■ Try it
Only the lines in the entries below from the line with "Villa ou maison" to the line with "Vintage France style", both included, belong in the answer, transcribed exactly and without pictures.

■ Record set
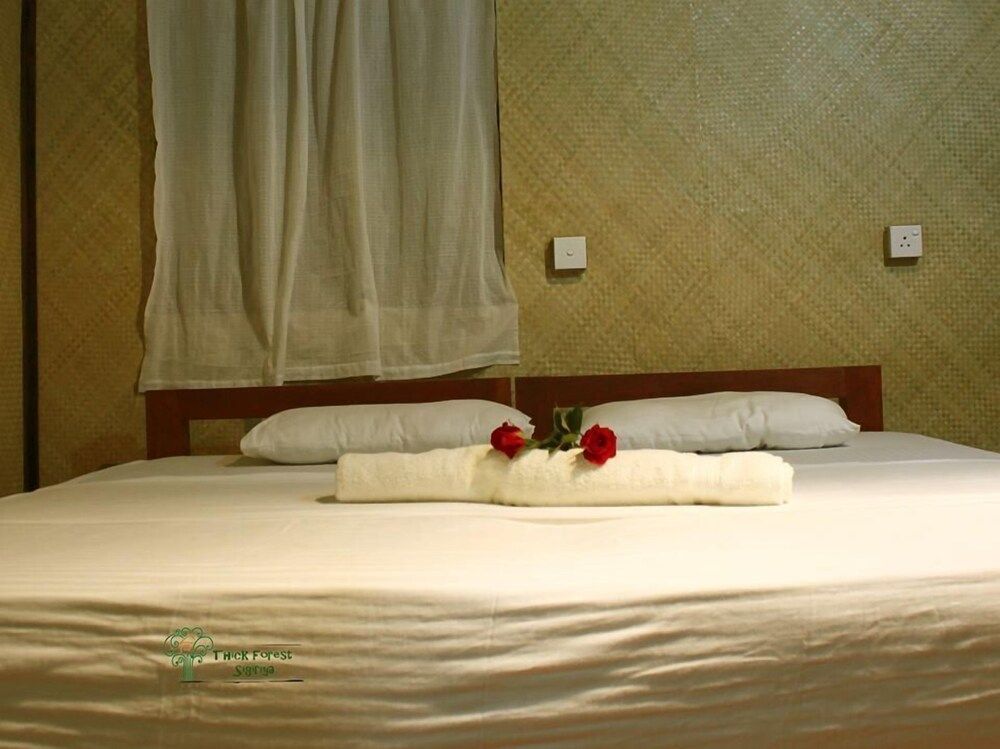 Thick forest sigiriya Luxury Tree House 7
--
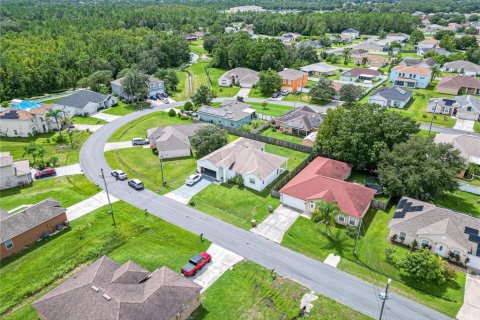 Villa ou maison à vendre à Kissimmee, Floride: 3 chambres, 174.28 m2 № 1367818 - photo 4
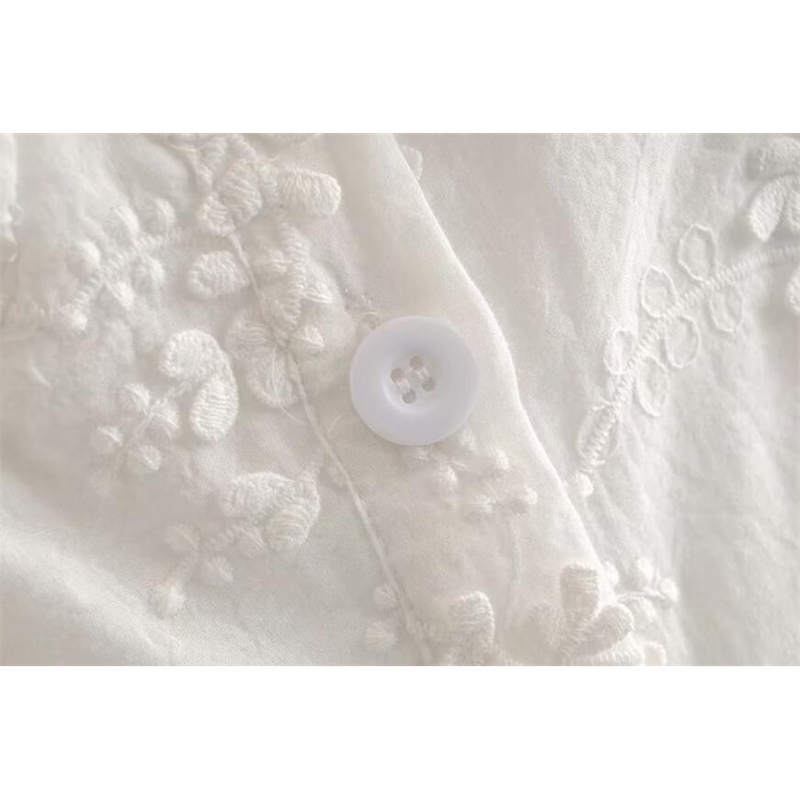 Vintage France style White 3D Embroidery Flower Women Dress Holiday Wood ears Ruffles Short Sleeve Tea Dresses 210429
* * *
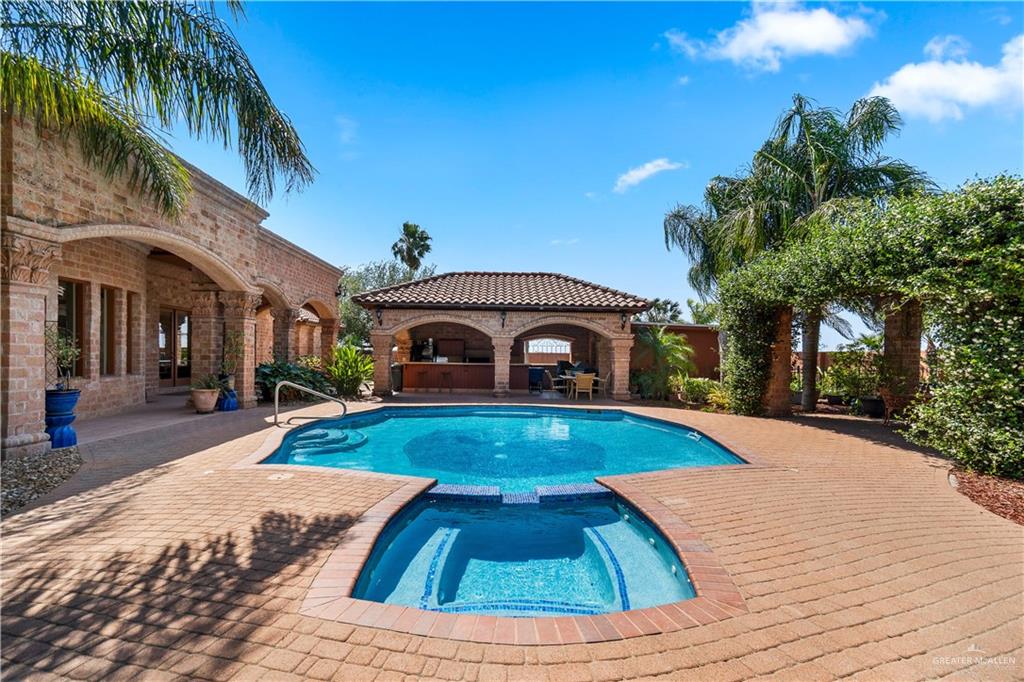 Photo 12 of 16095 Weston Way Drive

■ Answer
 Villa ou maison à vendre à Kissimmee, Floride: 3 chambres, 174.28 m2 № 1367818 - photo 4
 Vintage France style White 3D Embroidery Flower Women Dress Holiday Wood ears Ruffles Short Sleeve Tea Dresses 210429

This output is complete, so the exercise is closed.